When I see my Saviour on the Mount of Olives with his soul sorrowful even
unto death:—Ah! Lord Jesus, say I, what can have brought the sorrows of
death into the soul of life except love, which, exciting commiseration, drew
thereby our miseries into thy sovereign heart? Now a devout soul, seeing
this abyss of heaviness and distress in this divine lover, how can she be
without a holily loving sorrow? But considering, on the other hand, that all
the afflictions of her well-beloved proceed from no imperfection or want of
strength, but from the greatness of his dearest love, she cannot but melt
away with a holy sorrowful love. So that she cries: I am black with sorrow
by compassion, but beautiful with love by complacency; the anguish of my
well-beloved has changed my colour: for how could a faithful lover behold
such torments in him whom she loves more than her life, without swooning
away and becoming all wan and wasted with grief. The tents of nomads,
perpetually exposed to the injuries of weather and war, are almost always
ragged and covered with dust; and I, ever exposed to the griefs which by
condolence I receive from the immeasurable travails of my divine Saviour, I
am all covered with distress, and rent with sorrow. But because the pains of
him I love come from his love, in what measure they afflict me by
compassion, they delight me by complacency; for how could a faithful lover
not take an extreme content to see herself so loved by her heavenly spouse?

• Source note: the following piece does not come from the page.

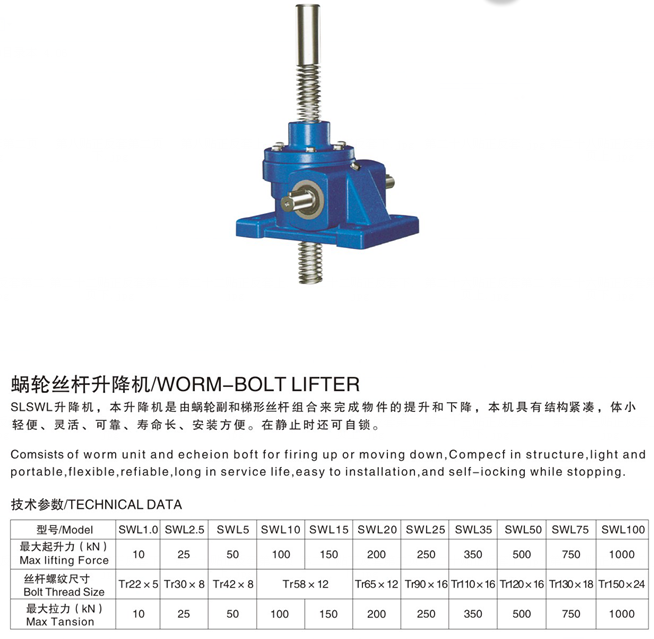 Swl Series Linear Manual Drive Mechanical Bolt Lifter Landing Electric Mandrel Elevator Reducer Worm Gear Lifter Screw Jack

Wherefore the beauty of love is in the ill-favour of sorrow. And if I wear
mourning for the passion and death of my King, all swarthy and black with
grief, I cease not to have an incomparable sweetness in seeing the excess of
his love amid his travails and his sorrows; and the tents of Solomon, all
embroidered and worked in an admirable variety of decorations, were never so
lovely as I am content, and, consequently, sweet, amiable and agreeable, in
the variety of the sentiments of love which I have amid those griefs. Love
equalizes lovers; Ah! I see him, this dear lover—he is a fire of love
burning in a thorny bush of sorrow, and I am the same: I am all inflamed
with love amid the thorny bushes of my griefs, I am a lily among thorns. Ah!
do not even look at the horrors of my poignant sorrows, but see the beauty
of my agreeable love. Alas! he suffers insupportable pains, this
well-beloved divine lover: it is this which grieves me and makes me faint
with anguish; but he takes pleasure in suffering, he loves his torments, and
dies with joy at dying with pain for me: wherefore as I am sorrowing over
his pains, so I am all ravished with joy at his love; not only do I grieve
with him, but I glorify myself in him.